Every line of the data below must be output exactly, with images left out.

AVAILABLE DATA:
╔══
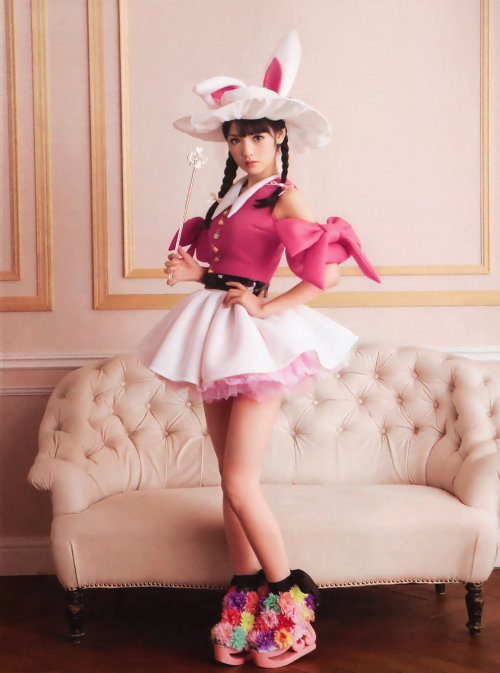 i4: Michishige Sayumi, Morning Musume, Photobook | TechnOtaku Gallery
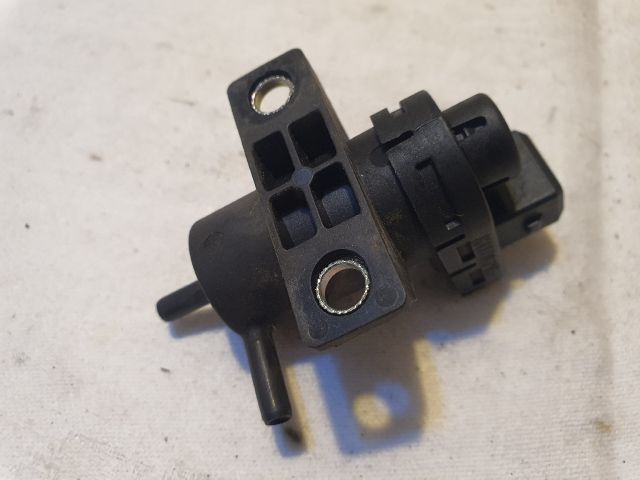 bontott RENAULT CLIO IV EGR / AGR Vákum Szelep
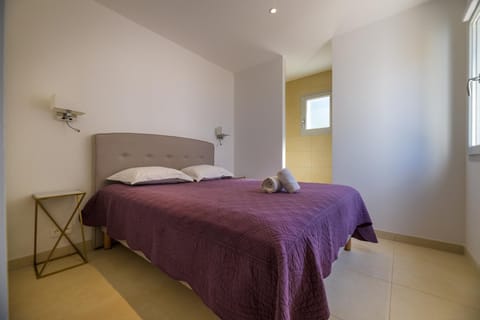 Les Pins de Santa Giulia House in Porto-Vecchio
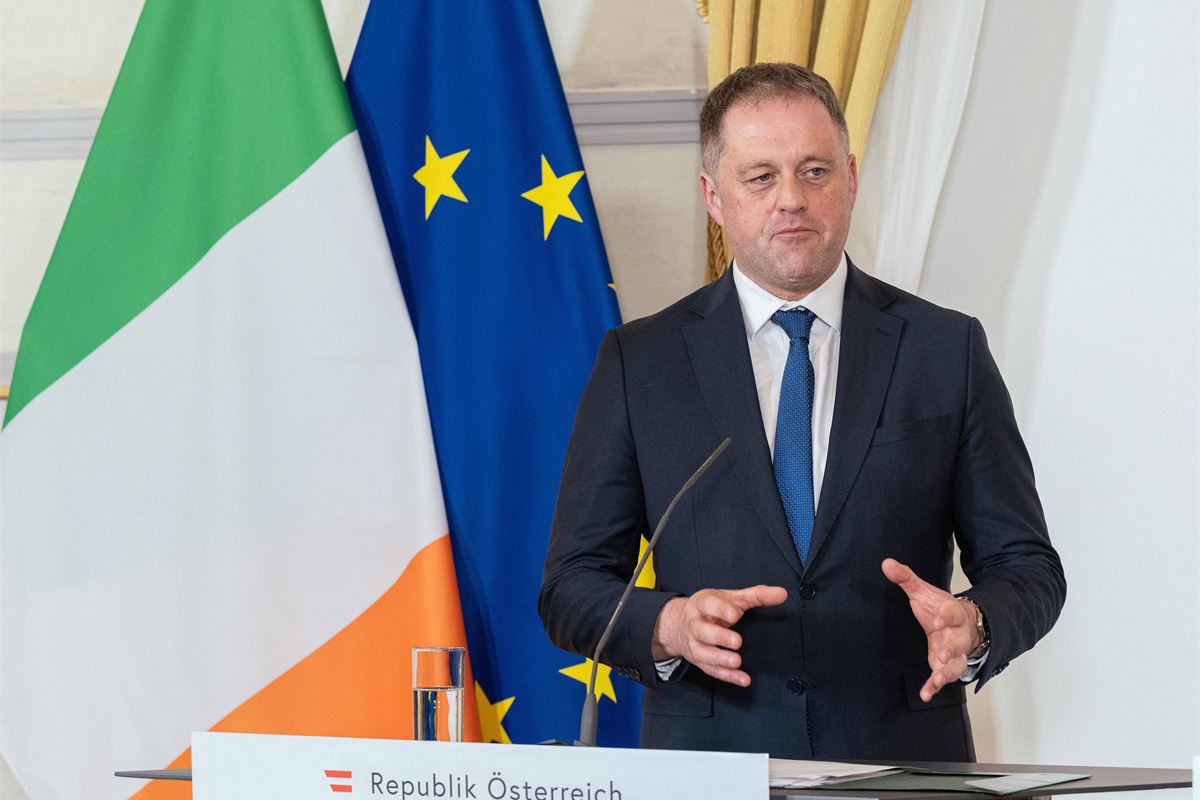 Preguntas y respuestas: el Ministro irlandés Thomas Byrne sobre el presupuesto de la UE, la ampliación y Gaza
╚══
SOLUTION TO THE EXERCISE:
 i4: Michishige Sayumi, Morning Musume, Photobook | TechnOtaku Gallery
 bontott RENAULT CLIO IV EGR / AGR Vákum Szelep
 Les Pins de Santa Giulia House in Porto-Vecchio
 Preguntas y respuestas: el Ministro irlandés Thomas Byrne sobre el presupuesto de la UE, la ampliación y Gaza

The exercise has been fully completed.